Beginning with the line that contains "Design Fashion Women", retype the entries below exactly, ending with the line that contains "Women's Petite High". Leave out any pictures.

......

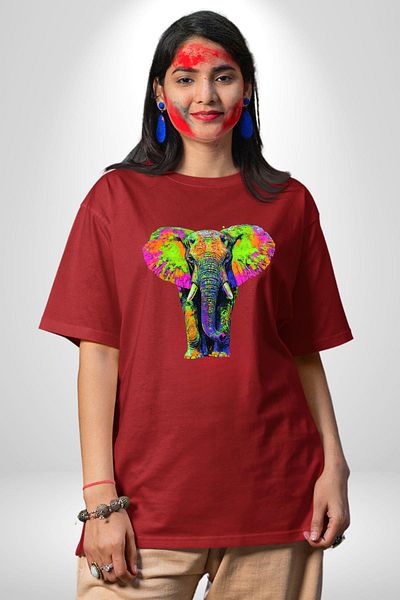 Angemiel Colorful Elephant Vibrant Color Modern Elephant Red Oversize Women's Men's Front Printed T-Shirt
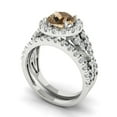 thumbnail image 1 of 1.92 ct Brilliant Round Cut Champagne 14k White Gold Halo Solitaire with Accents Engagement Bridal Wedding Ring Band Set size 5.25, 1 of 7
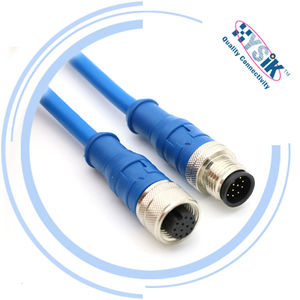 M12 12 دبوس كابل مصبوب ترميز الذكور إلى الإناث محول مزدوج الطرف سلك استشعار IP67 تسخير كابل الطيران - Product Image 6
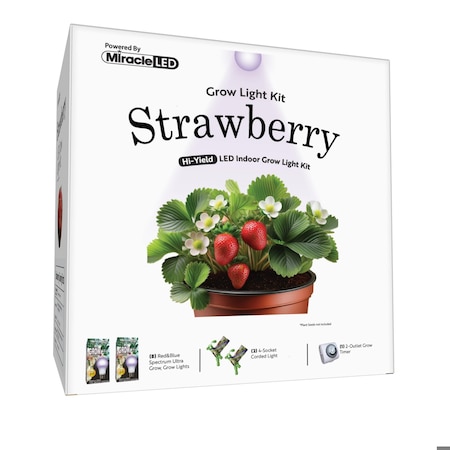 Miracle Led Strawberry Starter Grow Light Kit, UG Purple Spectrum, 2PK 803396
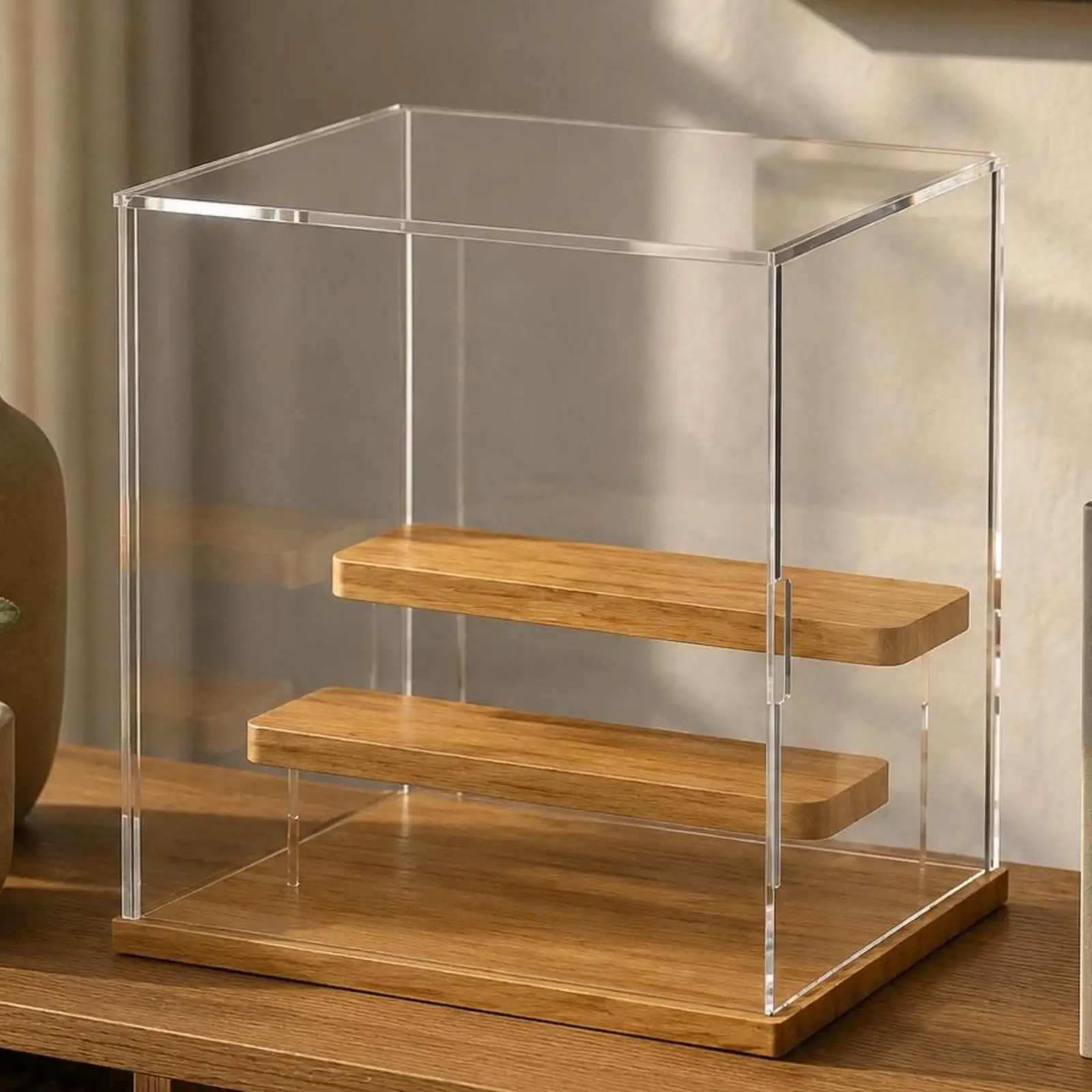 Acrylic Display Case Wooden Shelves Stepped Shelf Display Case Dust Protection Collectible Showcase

......

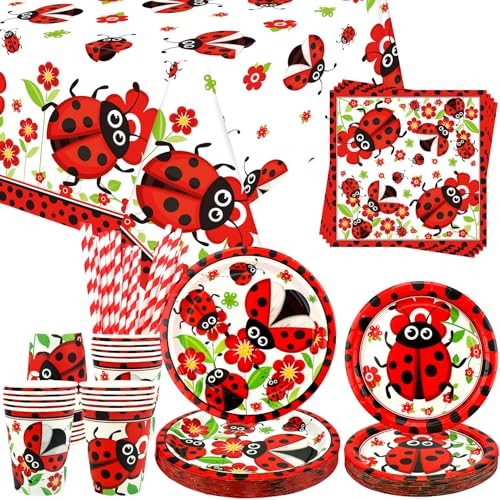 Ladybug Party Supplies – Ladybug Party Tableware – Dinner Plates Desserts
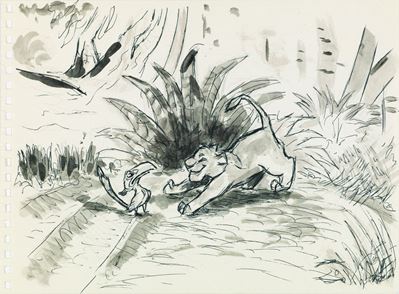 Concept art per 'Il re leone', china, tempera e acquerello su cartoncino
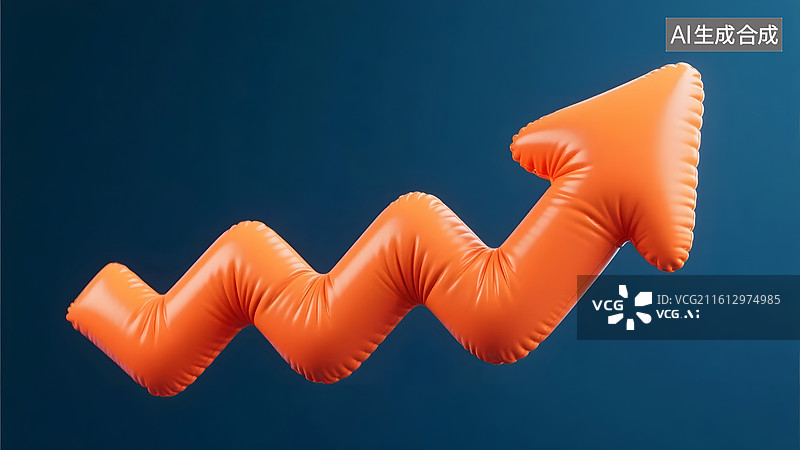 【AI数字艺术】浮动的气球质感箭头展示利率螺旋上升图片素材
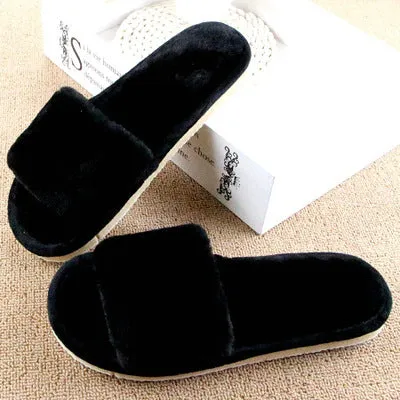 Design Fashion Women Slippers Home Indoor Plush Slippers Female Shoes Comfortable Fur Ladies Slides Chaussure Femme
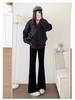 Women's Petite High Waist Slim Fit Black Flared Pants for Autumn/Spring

......

ANSWER BOX:
 Design Fashion Women Slippers Home Indoor Plush Slippers Female Shoes Comfortable Fur Ladies Slides Chaussure Femme
 Women's Petite High Waist Slim Fit Black Flared Pants for Autumn/Spring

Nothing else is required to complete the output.